I think this is spot on, at least for me personally.
I am not very good at mathematics, so I never questioned my professors when they said that "You cannot treat infinites as regular numbers".
Perhaps due to that statement, I did not really pursue these kinds of equations. For instance, I do not really see how the algebraic argument on the Wiki is any different from:
2 * inf = inf
inf + inf = inf (subtract inf from both sides)
inf = 0
There is this phrase, often used when describing the decimal expansion of pi - "keeps going infinitely". This phrase is not exactly incorrect, but I wonder if it misleads people into thinking that an "infinite decimal" is "a kind of infinity", which it really isn't in any meaningful way.
Infinity, the number, is routinely confused with creating an onto function mapping digits of pi to a set with a cardinality of the natural numbers. But sadly most people don't have the mathematical maturity to understand the difference when they encounter their first irrational number (normally pi).
Multiply both sides by ‘x’, then subtract one side from the other, then take the limit as x -> inf. This is obviously undefined. To get to zero, you have to make a new rule that one form of infinity is bigger than another form of infinity.
Infinity is very slippery, and there are several divergent fields of math that depend on particular definitions of it.
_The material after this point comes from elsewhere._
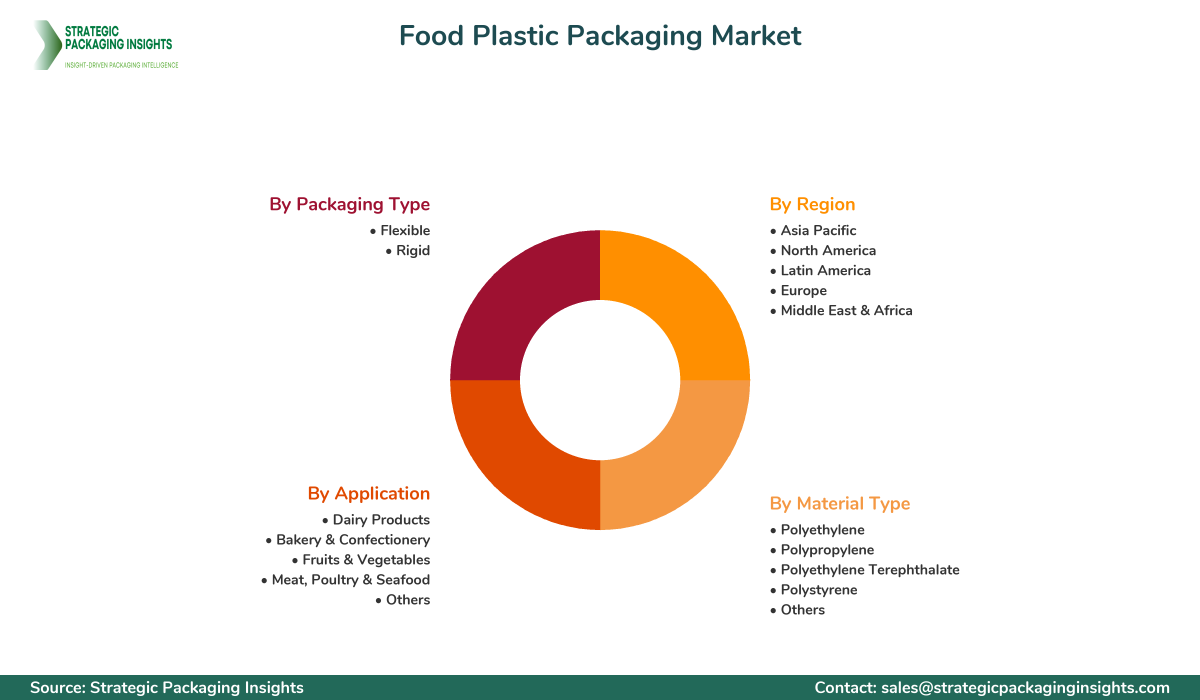 Food Plastic Packaging Market Segments and Growth Insights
It's true that it depends on the definitions of real/complex numbers. Many other things turn out to be provable from ZFC. A discussion about this, from the viewpoint of Metamath, is here: http://us.metamath.org/mpeuni/mmcomplex.html
And at the point where students see this, the whole concept of real numbers and infinity is usually ill-defined. I actually understand the scepsis for this theorem and where it comes from. The proof relies on the existence of a supremum, which is non-trivial.